# Data provided

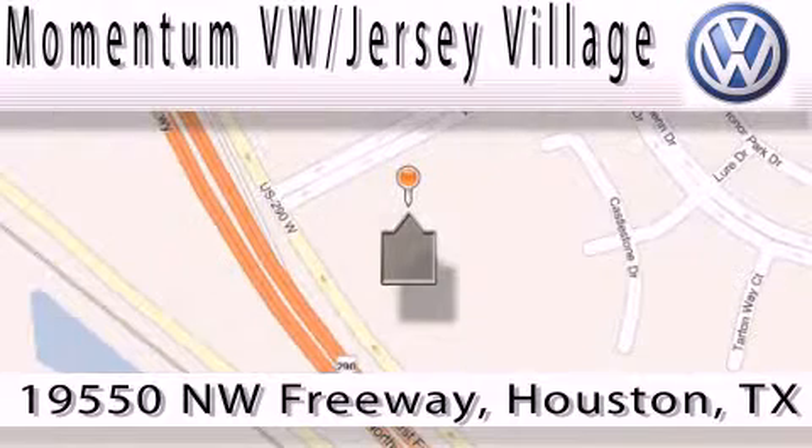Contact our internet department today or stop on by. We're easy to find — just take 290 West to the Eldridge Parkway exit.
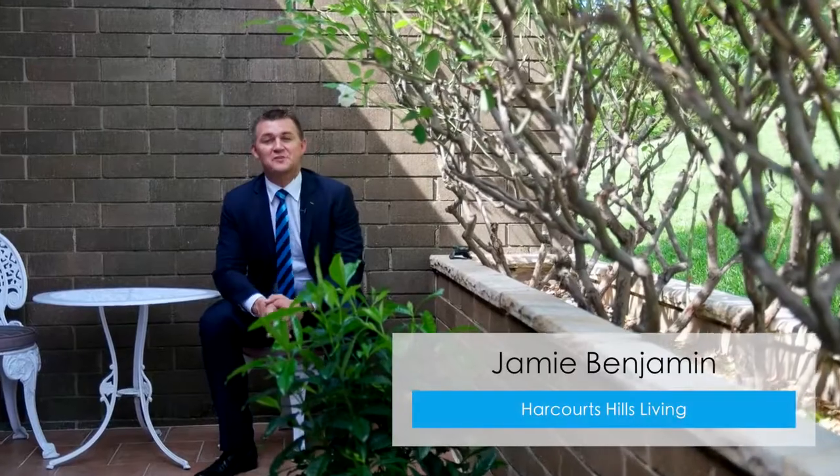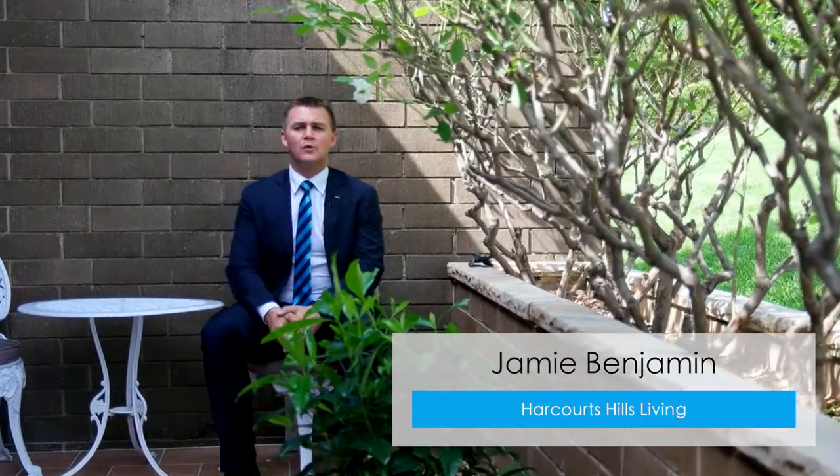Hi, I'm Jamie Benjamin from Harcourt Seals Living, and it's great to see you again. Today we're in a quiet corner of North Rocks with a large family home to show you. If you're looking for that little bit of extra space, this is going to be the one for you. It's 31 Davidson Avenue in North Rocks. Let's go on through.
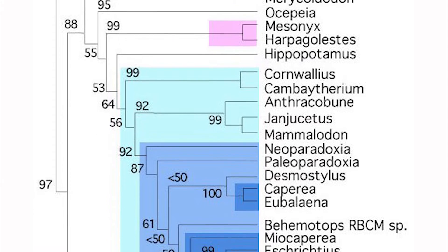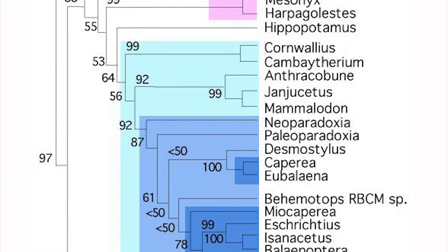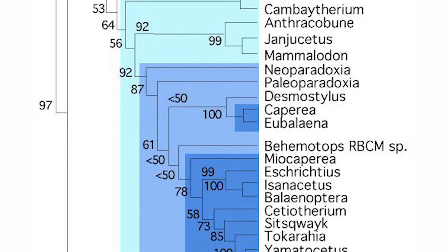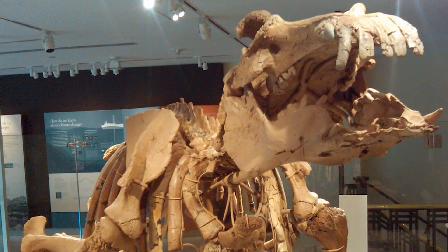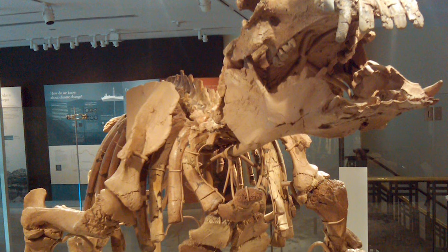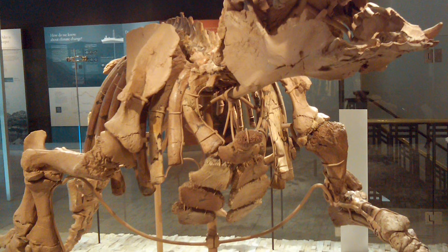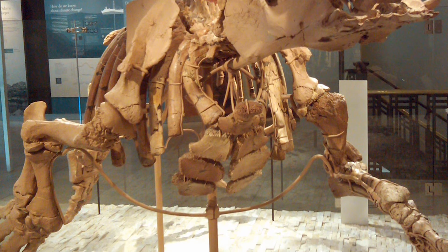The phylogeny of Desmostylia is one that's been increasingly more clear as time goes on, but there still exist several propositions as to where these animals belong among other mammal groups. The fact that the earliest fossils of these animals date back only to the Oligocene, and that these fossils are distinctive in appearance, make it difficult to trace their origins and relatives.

# Problem details
Leave out the images and copy all remaining data word for word.

# Reply
Contact our internet department today or stop on by. We're easy to find — just take 290 West to the Eldridge Parkway exit.
Hi, I'm Jamie Benjamin from Harcourt Seals Living, and it's great to see you again. Today we're in a quiet corner of North Rocks with a large family home to show you. If you're looking for that little bit of extra space, this is going to be the one for you. It's 31 Davidson Avenue in North Rocks. Let's go on through.
The phylogeny of Desmostylia is one that's been increasingly more clear as time goes on, but there still exist several propositions as to where these animals belong among other mammal groups. The fact that the earliest fossils of these animals date back only to the Oligocene, and that these fossils are distinctive in appearance, make it difficult to trace their origins and relatives.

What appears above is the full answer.